One analyst, Frank Pinkerton of Banc of America, wrote in a research note that Invitrogen’s proteomics business would probably be spared any wide-scale changes as “substantial opportunities in the proteomics market” for Invitrogen remain. Despite the problems associated with integrating the acquisitions, they give Invitrogen a sizeable economy of scale, Pinkerton wrote [See PM 8/10/06].
 
Responding to an analyst’s question last week, Lucier said “there could be some slight changes in BioDiscovery, but again I would give you the early sign that there’s not going to be a very lot of change” in that business.
 

Analysts “are skeptical of current management’s ability to identify, isolate, and fix the problems.”
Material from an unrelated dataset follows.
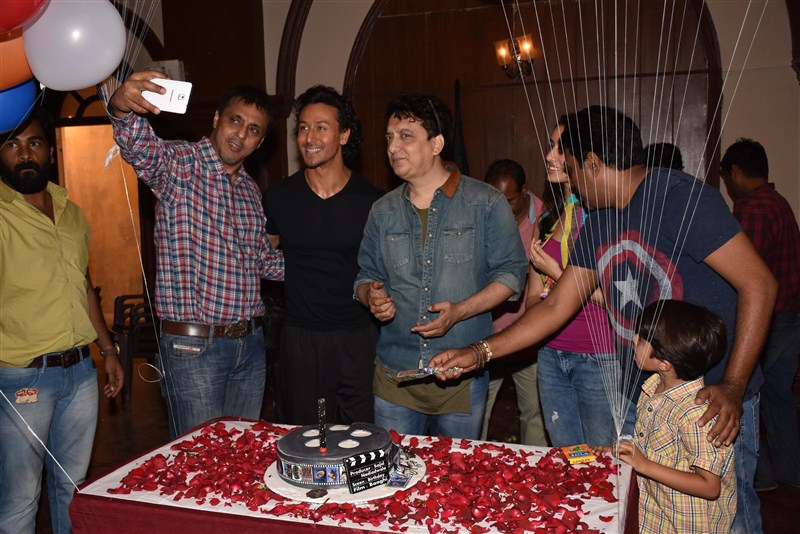 Photos of Team Baaghi celebrates Sajid Nadiadwala's birthday on the set of Baaghi movie. Team Baaghi,Sajid Nadiadwala,Sajid Nadiadwala birthday,Sajid Nadiadwala birthday celebration,Baaghi movie,Baaghi on the sets,Sajid Nadiadwala birthday party,Sajid Nadiadwala celebrations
The same may not be true of some of Invitrogen’s other businesses. Lucier said that with a strategic review of the company’s operations nearly completed, major changes, including the sale of some of its segments, may be on the horizon. The company has not decided yet which business may be sold, however.
 
Lack of Confidence
 
Meanwhile, during the conference call and immediately afterward, Wall Street reacted negatively to Invitrogen’s results despite efforts by Lucier to calm concerns about the direction of the company.
 
“As you can see this management team delivered strong results three years running starting in 2003,” he said. “2006 has been a tremendous disappointment for us, and we humbly think it’s not representative of our potential or the assets we have assembled. We simply must, and will, do better.”
 
But analysts were not as confident that Lucier and his team could turn things around.
 
“It has been a number of quarters that we have just continued to see this trickle of issues,” said Derik de Bruin, an analyst at UBS, during the conference call. “And I know the quality of the portfolio is there but I just have a really hard time [believing in] your ability to execute. What gives you the confidence you can do it?”
 
In a report afterward de Bruin wrote that he is “skeptical of current management’s ability to identify, isolate, and fix the problems.”
 
In a research note, Elise Wang of Citigroup said Invitrogen’s management “did not provide sufficient clarity on the potential steps it may take to improve next year’s outlook given recent operating margin pressures.”
 
And Ross Muken of Deutsche Bank said in a research note that “at this point, we have no confidence, no visibility, of when the pain may end for shareholders and are now taking a far more conservative view of Invitrogen shares.”